In the emergency room, a doctor may be able to rule out a spinal cord injury by careful inspection, testing for sensory function and movement and asking some questions about the accident.
But if the injured person complains of neck pain, isn't fully awake or has obvious signs of weakness or neurological injury, emergency diagnostic tests may be needed.
These tests may include:
- Computerized tomography (CT) scan. A CT scan may provide a better look at abnormalities seen on an X-ray. This scan uses computers to form a series of cross-sectional images that can define bone, disk and other problems.
- X-rays. Medical personnel typically order these tests on people who are suspected of having a spinal cord injury after trauma. X-rays can reveal vertebral (spinal column) problems, tumors, fractures or degenerative changes in the spine.
- Magnetic resonance imaging (MRI). MRI uses a strong magnetic field and radio waves to produce computer-generated images. This test is very helpful for looking at the spinal cord and identifying herniated disks, blood clots or other masses that may be compressing the spinal cord.
- Medications. Intravenous (IV) methylprednisolone (A-Methapred, Solu-Medrol) is a treatment option for an acute spinal cord injury. If methylprednisolone is given within eight hours of injury, some people experience mild improvement.

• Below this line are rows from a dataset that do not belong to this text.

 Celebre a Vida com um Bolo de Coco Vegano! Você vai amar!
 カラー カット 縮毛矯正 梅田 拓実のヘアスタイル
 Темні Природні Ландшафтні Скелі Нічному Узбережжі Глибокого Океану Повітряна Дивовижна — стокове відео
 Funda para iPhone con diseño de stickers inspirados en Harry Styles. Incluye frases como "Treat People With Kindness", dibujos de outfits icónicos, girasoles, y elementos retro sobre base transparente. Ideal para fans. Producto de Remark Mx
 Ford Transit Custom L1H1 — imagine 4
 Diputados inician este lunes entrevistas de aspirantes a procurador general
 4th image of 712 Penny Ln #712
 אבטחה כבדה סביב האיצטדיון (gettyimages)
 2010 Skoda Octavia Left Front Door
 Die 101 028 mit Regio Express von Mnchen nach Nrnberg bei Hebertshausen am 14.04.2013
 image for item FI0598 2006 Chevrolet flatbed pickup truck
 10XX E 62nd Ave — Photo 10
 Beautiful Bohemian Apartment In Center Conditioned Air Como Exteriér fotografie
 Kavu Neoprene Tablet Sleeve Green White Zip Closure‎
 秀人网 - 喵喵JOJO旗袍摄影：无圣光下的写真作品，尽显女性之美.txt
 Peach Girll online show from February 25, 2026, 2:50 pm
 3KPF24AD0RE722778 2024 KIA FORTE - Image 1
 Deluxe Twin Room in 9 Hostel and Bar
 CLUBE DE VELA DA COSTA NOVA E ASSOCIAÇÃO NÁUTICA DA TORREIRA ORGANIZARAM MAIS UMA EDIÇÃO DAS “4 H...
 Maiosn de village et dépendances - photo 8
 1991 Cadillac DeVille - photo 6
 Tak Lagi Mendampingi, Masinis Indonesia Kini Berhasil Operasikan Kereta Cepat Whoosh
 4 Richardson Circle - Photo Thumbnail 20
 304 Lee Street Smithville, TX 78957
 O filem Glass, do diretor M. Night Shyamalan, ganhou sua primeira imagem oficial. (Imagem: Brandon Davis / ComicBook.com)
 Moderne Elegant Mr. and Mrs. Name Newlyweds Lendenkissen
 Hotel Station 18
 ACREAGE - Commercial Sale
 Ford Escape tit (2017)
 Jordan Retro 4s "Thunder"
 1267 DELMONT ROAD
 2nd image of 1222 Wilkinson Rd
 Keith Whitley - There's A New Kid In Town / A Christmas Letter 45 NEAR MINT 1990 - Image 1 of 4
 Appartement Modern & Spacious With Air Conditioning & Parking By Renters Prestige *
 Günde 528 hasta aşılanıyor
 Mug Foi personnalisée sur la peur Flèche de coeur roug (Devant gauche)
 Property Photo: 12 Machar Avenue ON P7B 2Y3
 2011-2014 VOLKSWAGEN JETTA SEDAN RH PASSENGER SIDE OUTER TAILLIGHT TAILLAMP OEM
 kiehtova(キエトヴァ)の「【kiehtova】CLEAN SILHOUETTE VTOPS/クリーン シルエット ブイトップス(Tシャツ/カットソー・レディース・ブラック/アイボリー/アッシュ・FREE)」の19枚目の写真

- It appears to work by reducing damage to nerve cells and decreasing inflammation near the site of injury. However, it's not a cure for a spinal cord injury.
- Immobilization. You may need traction to stabilize your spine, to bring the spine into proper alignment or both. In some cases, a rigid neck collar may work. A special bed also may help immobilize your body.
- Surgery. Often surgery is necessary to remove fragments of bones, foreign objects, herniated disks or fractured vertebrae that appear to be compressing the spine. Surgery may also be needed to stabilize the spine to prevent future pain or deformity.
- Experimental treatments. Scientists are trying to figure out ways to stop cell death, control inflammation and promote nerve regeneration. Ask your doctor about the availability of such treatments.